On 22.01.2019 20:45, Alexey Budankov wrote:
> 
> It has been observed that trace reading thread runs on the same hw thread
> most of the time during perf record sampling collection. This scheduling
> layout leads up to 30% profiling overhead in case when some cpu intensive
> workload fully utilizes a large server system with NUMA. Overhead usually
> arises from remote (cross node) HW and memory references that have much
> longer latencies than local ones [1].
> 
> This patch set implements --affinity option that lowers 30% overhead
> completely for serial trace streaming (--affinity=cpu) and from 30% to
> 10% for AIO1 (--aio=1) trace streaming (--affinity=node|cpu).
> See OVERHEAD section below for more details.
> 
> Implemented extension provides users with capability to instruct Perf 
> tool to bounce trace reading thread's affinity mask between NUMA nodes 
> (--affinity=node) or assign the thread to the exact cpu (--affinity=cpu) 
> that trace buffer being processed belongs to.
> 
> The extension brings improvement in case of full system utilization when 
> Perf tool process contends with workload process on cpu cores.
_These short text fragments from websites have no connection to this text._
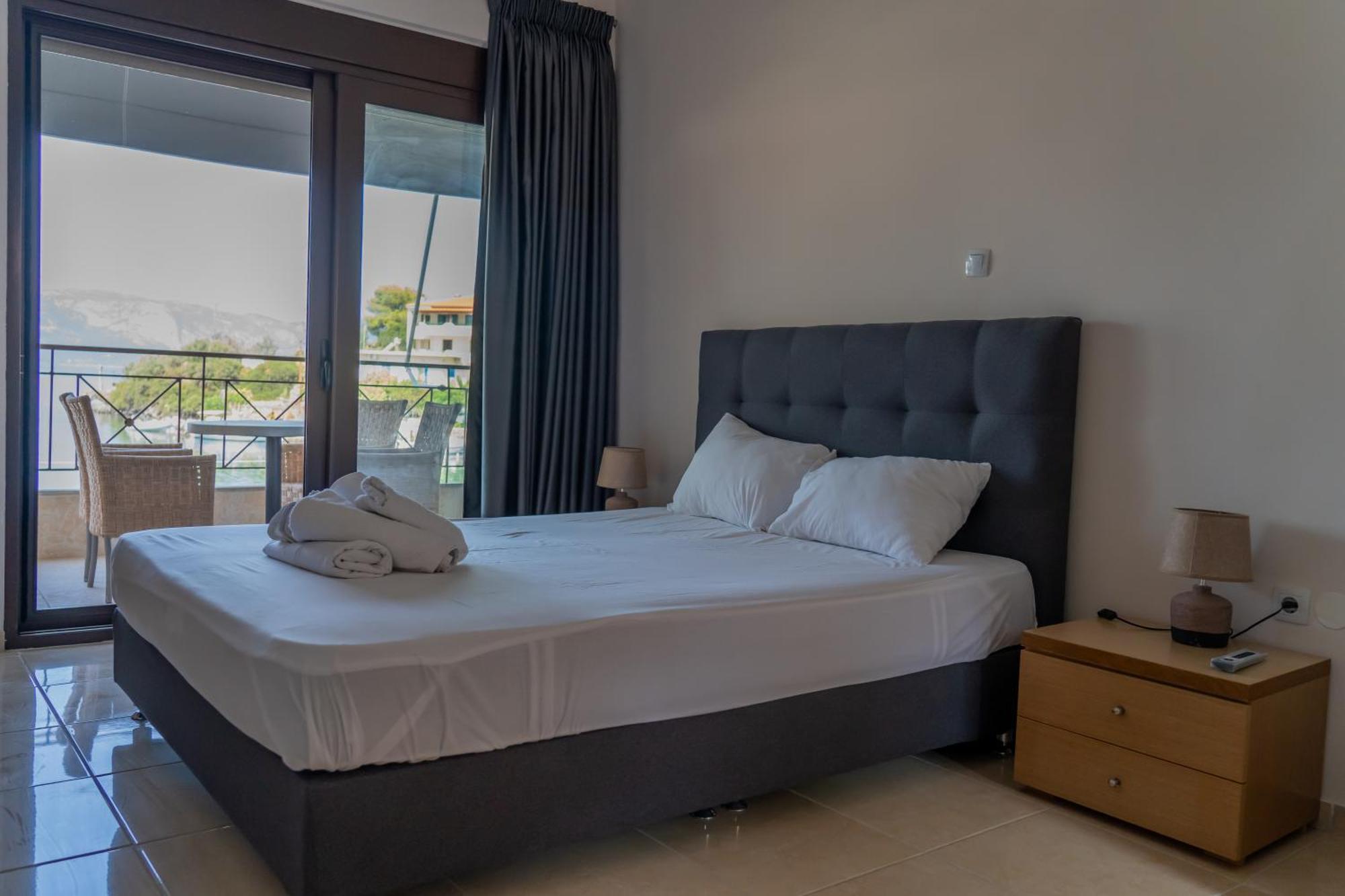 Prego Living Apartments Vathi  Exterior photo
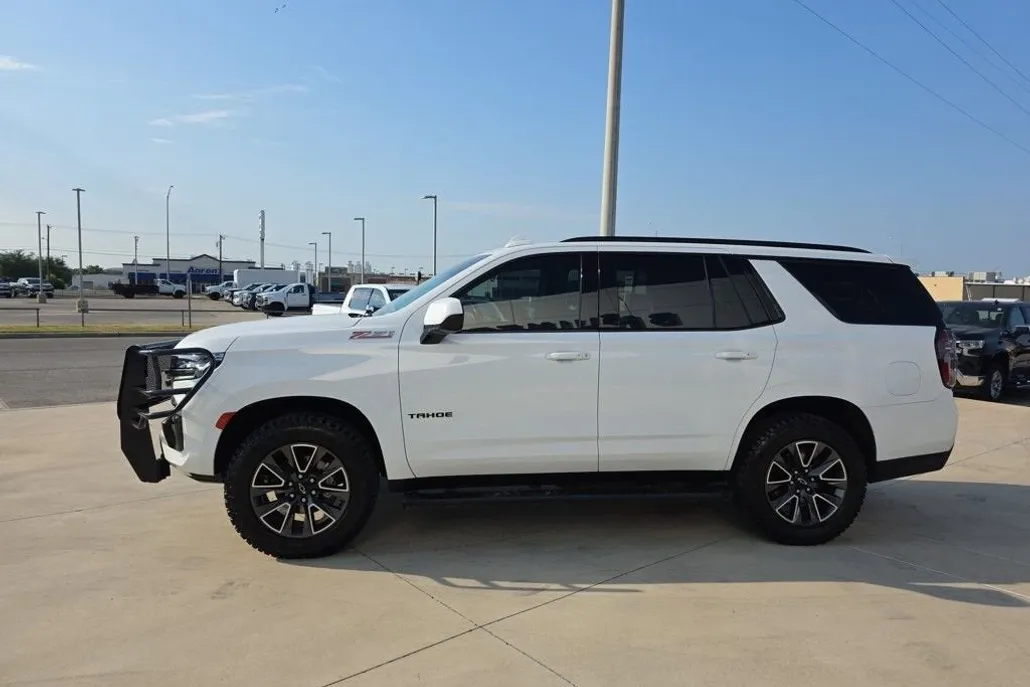 2021 Chevrolet Tahoe Z71 photo 1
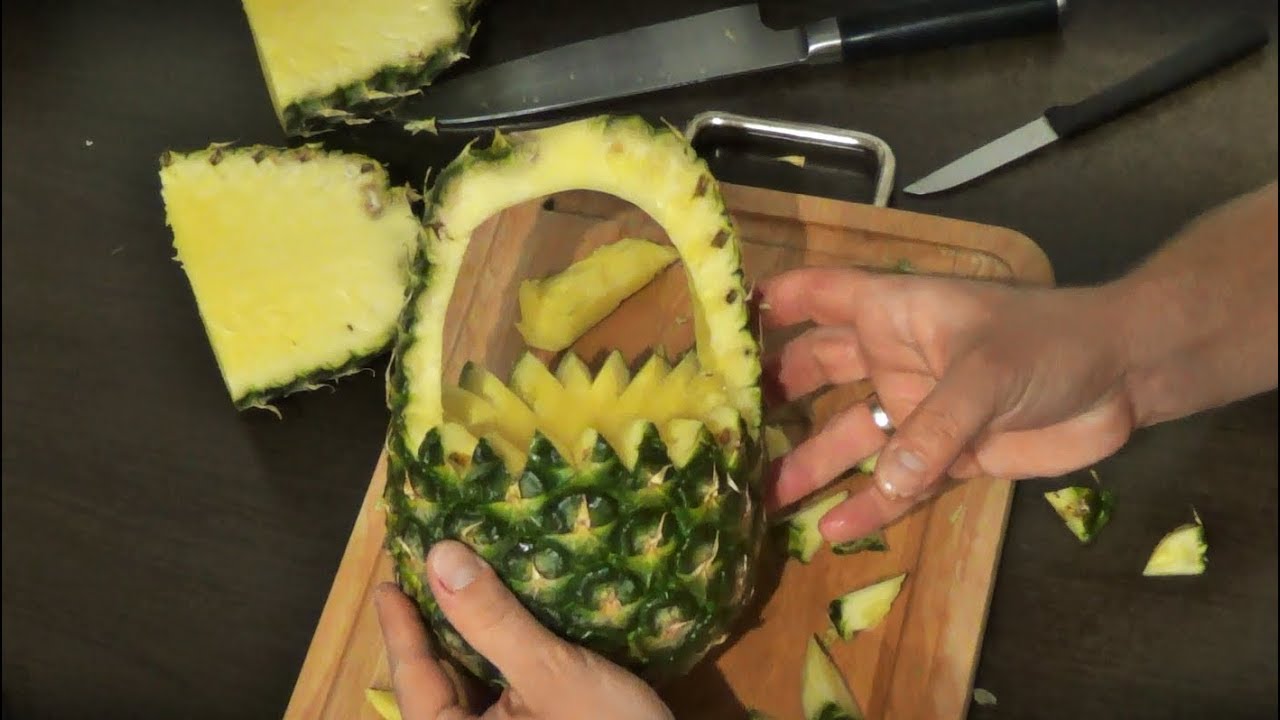 #181 How to make a pineapple basket - Carving garnish decorating for beginners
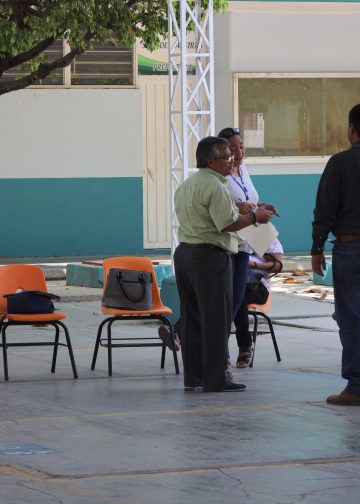 Padres denuncian red de corrupción en la Prepa 1
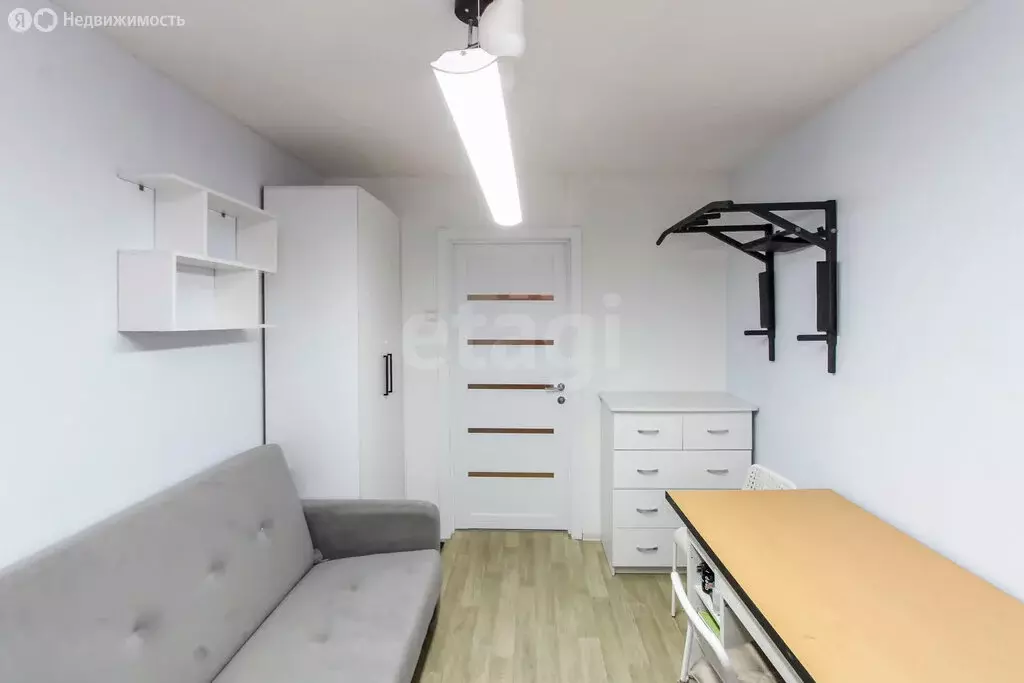 3-комнатная квартира: Тюмень, улица Дружбы, 165 (67.4 м) - Фото 2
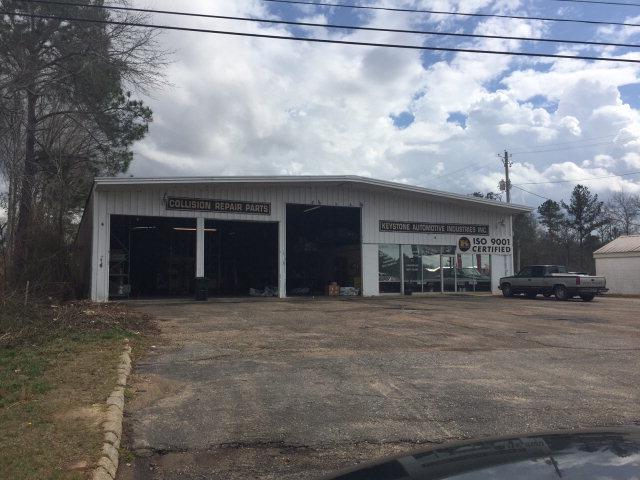 2700 Reeves - Photo 1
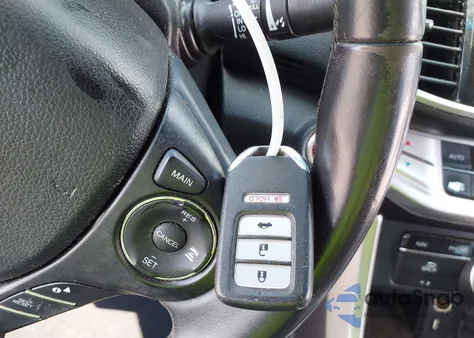 2014 Honda Accord Touring z USA, uszkodzony, nr VIN 1HGCR3F97EA026155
In case a 
> system has free cores to execute Perf tool process during profiling the 
> default system scheduling layout induces the lowest overhead.
> 
> The patch set has been validated on BT benchmark from NAS Parallel 
> Benchmarks [2] running on dual socket, 44 cores, 88 hw threads Broadwell 
> system with kernels v4.4-21-generic (Ubuntu 16.04) and v4.20.0-rc5 
> (tip perf/core). 
> 
> The patch set is for Arnaldo's perf/core repository.
> 
> OVERHEAD:
>                              BENCH REPORT BASED   ELAPSED TIME BASED
>         v4.20.0-rc5 
>           (tip perf/core):
>                               
> (current) SERIAL-SYS  / BASE : 1.27x (14.37/11.31), 1.29x (15.19/11.69)
>         SERIAL-NODE / BASE : 1.15x (13.04/11.31), 1.17x (13.79/11.69)
>         SERIAL-CPU  / BASE : 1.00x (11.32/11.31), 1.01x (11.89/11.69)
>       
>         AIO1-SYS    / BASE : 1.29x (14.58/11.31), 1.29x (15.26/11.69)
>         AIO1-NODE   / BASE : 1.08x (12.23/11.31), 1,11x (13.01/11.69)
>         AIO1-CPU    / BASE : 1.07x (12.14/11.31), 1.08x (12.83/11.69)
> 
>         v4.4.0-21-generic
>           (Ubuntu 16.04 LTS):
> 
> (current) SERIAL-SYS  / BASE : 1.26x (13.73/10.87), 1.29x (14.69/11.32)
>         SERIAL-NODE / BASE : 1.19x (13.02/10.87), 1.23x (14.03/11.32)
>         SERIAL-CPU  / BASE : 1.03x (11.21/10.87), 1.07x (12.18/11.32)
>       
>         AIO1-SYS    / BASE : 1.26x (13.73/10.87), 1.29x (14.69/11.32)
>         AIO1-NODE   / BASE : 1.10x (12.04/10.87), 1.15x (13.03/11.32)
>         AIO1-CPU    / BASE : 1.12x (12.20/10.87), 1.15x (13.09/11.32)
> 
> ---
> Alexey Budankov (4):
>   perf record: allocate affinity masks
>   perf record: bind the AIO user space buffers to nodes
>   perf record: apply affinity masks when reading mmap buffers
>   perf record: implement --affinity=node|cpu option
> 
>  tools/perf/Documentation/perf-record.txt |   5 ++
>  tools/perf/builtin-record.c              |  45 +++++++++-
>  tools/perf/perf.h                        |   8 ++
>  tools/perf/util/cpumap.c                 |  10 +++
>  tools/perf/util/cpumap.h                 |   1 +
>  tools/perf/util/evlist.c                 |   6 +-
>  tools/perf/util/evlist.h                 |   2 +-
>  tools/perf/util/mmap.c                   | 105 ++++++++++++++++++++++-
>  tools/perf/util/mmap.h                   |   3 +-
>  9 files changed, 175 insertions(+), 10 deletions(-)
> 
> ---
> Changes in v5:
> - avoided multiple allocations of online cpu maps by 
>   implementing it once in cpu_map__online()
> - reduced indentation at record__parse_affinity()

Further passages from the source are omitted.